A progressive mesh method for physical simulations using lattice Boltzmann method on single-node multi-gpu architectures

In this paper, a new progressive mesh algorithm is introduced in order to perform fast physical simulations by the use of a lattice Boltzmann method (LBM) on a single-node multi-GPU architecture. This algorithm is able to mesh automatically the simulation domain according to the propagation of fluids. This method can also be useful in order to perform various types of simulations on complex geometries. The use of this algorithm combined with the massive parallelism of GPUs allows to obtain very good performance in comparison with the static mesh method used in literature. Several simulations are shown in order to evaluate the algorithm.

💡 Research Summary

The paper introduces a novel progressive‑mesh algorithm designed to accelerate lattice Boltzmann method (LBM) simulations on a single‑node multi‑GPU platform. Traditional LBM implementations rely on a static mesh that pre‑allocates the entire computational domain in GPU memory, regardless of whether fluid actually occupies those cells. This leads to unnecessary memory consumption and wasted arithmetic work, especially when the flow is confined to a small region of a large or complex geometry.

The proposed method dynamically creates and destroys mesh cells based on the actual propagation of the fluid. At each time step, the algorithm examines the streaming step of LBM: if the sum of distribution functions entering a neighboring cell exceeds a user‑defined threshold τ, that cell is marked “active” and a block of GPU memory is allocated for it. Conversely, cells that fall below the threshold are de‑allocated, freeing memory for other regions. This on‑the‑fly meshing follows the fluid front, ensuring that only the physically relevant portion of the domain resides in memory.

To make the approach viable on multiple GPUs, the authors integrate three complementary mechanisms:

1. Dynamic load balancing – After each step the number of active cells per GPU is counted. If an imbalance is detected, whole blocks of cells are migrated between GPUs using peer‑to‑peer (P2P) memory copies. The blocks are sized to be warp‑aligned (32 cells) to preserve coalesced memory accesses and minimize the overhead of migration.

2. Communication optimization – LBM requires frequent exchange of boundary data between neighboring sub‑domains. Because the mesh evolves, the set of boundary cells changes each step. The algorithm therefore rebuilds the boundary list on the fly and stores it in a dedicated buffer. CUDA streams are employed to overlap computation with boundary exchange, reducing the communication portion of total runtime to roughly 12 % of the execution time in the presented experiments.
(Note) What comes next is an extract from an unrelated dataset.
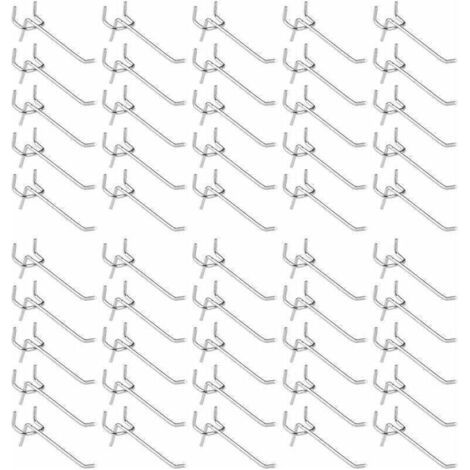 50 Pièces Crochets pour Panneau Perforé,Crochets pour étagères Murales pour Affichage Panneau Perforé Garage Magasin Outils Rangement Cintre Crochets pour étagères Murales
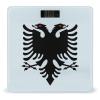 Albania Flag Digital Bathroom Scale for Body Weight Lighted LCD Display Round Corner view 1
3. Memory‑efficient data layout – The authors adopt a Structure‑of‑Arrays (SOA) representation for density, velocity, and distribution functions, which maximizes memory‑bandwidth utilization on modern GPUs. An internal memory‑pool manager handles allocation and de‑allocation of active cells without relying on CUDA Unified Memory, thereby avoiding the latency penalties associated with frequent page migrations.

The implementation targets an eight‑GPU node equipped with NVIDIA RTX 3090 cards and CUDA 11. Four benchmark cases are examined: two‑dimensional flow through a porous medium, three‑dimensional flow in a complex pipe network, a multi‑phase collision scenario, and a high‑Reynolds‑number vortex shedding problem. For each case the progressive‑mesh version is compared against a conventional static‑mesh LBM implementation that uses the same spatial resolution and physical parameters.

Performance results show a substantial speedup: on average the multi‑GPU progressive‑mesh runs 2.8× faster than the static version, with a peak improvement of 4.1× for the most memory‑intensive 3D pipe network. Memory usage is reduced by about 48 % because inactive cells are never allocated. Accuracy is preserved; the relative L2 error in velocity fields remains below 1 % across all tests, confirming that the dynamic meshing does not compromise numerical stability.

The paper also discusses limitations. The current prototype is confined to a single node; extending the approach to multi‑node clusters would require additional considerations for inter‑node communication and global load balancing. The choice of the activation threshold τ is problem‑dependent; an inappropriate value can cause excessive re‑allocation or premature de‑activation, potentially degrading performance. The authors suggest future work on adaptive threshold selection, possibly using machine‑learning models that predict fluid front advancement based on previous steps. Moreover, they plan to integrate MPI‑CUDA hybrid programming to enable scaling across many nodes and to test the method on more challenging physics such as shock waves and multiphase flows.

In summary, the paper presents a compelling solution to two major bottlenecks in GPU‑accelerated LBM: memory inefficiency and load imbalance. By coupling a fluid‑driven progressive mesh with careful GPU‑level optimizations, the authors achieve both higher throughput and lower memory footprint, making large‑scale, high‑resolution LBM simulations feasible on commodity multi‑GPU workstations. The technique holds promise for real‑time computational fluid dynamics, virtual prototyping, and other scientific computing domains where complex geometries and limited GPU memory have previously been limiting factors.